In [4]:
import torch
from transformers import Trainer, TrainingArguments
from transformers import BartForConditionalGeneration, BartTokenizer
from transformers import AutoModelForSeq2SeqLM, AutoTokenizer
import os
from datasets import load_dataset,load_metric
# from evaluate import load_metric
from sklearn.model_selection import train_test_split

device = 'cuda:0'
import emoji
emoji_list = emoji.EMOJI_DATA.keys()
emoji_descriptions = [emoji.demojize(e, delimiters=("<", ">")) for e in emoji_list]

### Loading the base models from Huggingface


In [6]:
model_name = "facebook/bart-large-cnn"
model = AutoModelForSeq2SeqLM.from_pretrained(model_name).to(device)


Some weights of BartForConditionalGeneration were not initialized from the model checkpoint at facebook/bart-large-cnn and are newly initialized: ['model.shared.weight']
You should probably TRAIN this model on a down-stream task to be able to use it for predictions and inference.


### Updating the tokenizer and resizing model embeddings

In [8]:
tokenizer = AutoTokenizer.from_pretrained(model_name)

new_tokens = ['<file_photo>','<file_picture>','<file_other>','<file_video>','<file_image>','<file_gif>']
new_tokens = new_tokens+emoji_descriptions
tokenizer.add_special_tokens({'additional_special_tokens': new_tokens})
model.resize_token_embeddings(len(tokenizer))

Embedding(54053, 1024)

### Loading the SAMSum dataset

In [2]:
dataset = load_dataset("samsum")

train_data = dataset["train"]
validation_data = dataset["validation"] 
test_data = dataset["test"]

### Tokenizing Function

In [5]:
def tokenize_function(tokenizer,examples):
    input_dialogues = ["Summarize dialogue >>\n " + emoji.demojize(dialogue, delimiters=("<", ">")) for dialogue in examples["dialogue"]]
    inputs = tokenizer(input_dialogues, padding="max_length", truncation=True, max_length=1000)
    targets = tokenizer(examples["summary"], padding="max_length", truncation=True, max_length=100)
    return {"input_ids": inputs["input_ids"], "attention_mask": inputs["attention_mask"], "labels": targets["input_ids"]}


In [6]:
train_data_tokenized = train_data.map(lambda examples: tokenize_function(tokenizer, examples), batched=True)
validation_data_tokenized = validation_data.map(lambda examples: tokenize_function(tokenizer, examples), batched=True)
test_data_tokenized = test_data.map(lambda examples: tokenize_function(tokenizer, examples), batched=True)

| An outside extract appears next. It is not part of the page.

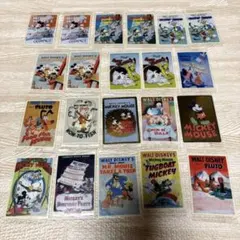2026年最新】ディズニー コレクターカードの人気アイテム - メルカリ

### Sample summarization code

In [None]:
def summarize(tokenizer,model,text):
#     print(f"Summarize dialogue >>\n {emoji.demojize(text, delimiters=('<', '>'))}")
    inputs = tokenizer(f"Summarize dialogue >>\n {text}", return_tensors="pt", max_length=1000, truncation=True, padding="max_length").to(device)
    
    # Generate summary
    summary_ids = model.generate(inputs.input_ids, num_beams=4, max_length=100, early_stopping=True)
    # Decode the summary
    summary = [tokenizer.decode(g, skip_special_tokens=True, clean_up_tokenization_spaces=False) for g in summary_ids]
    
    return summary[0]

### Model - BART

In [8]:
trainable_params = sum(p.numel() for p in model.parameters() if p.requires_grad)
print("Trainable parameters:", trainable_params)        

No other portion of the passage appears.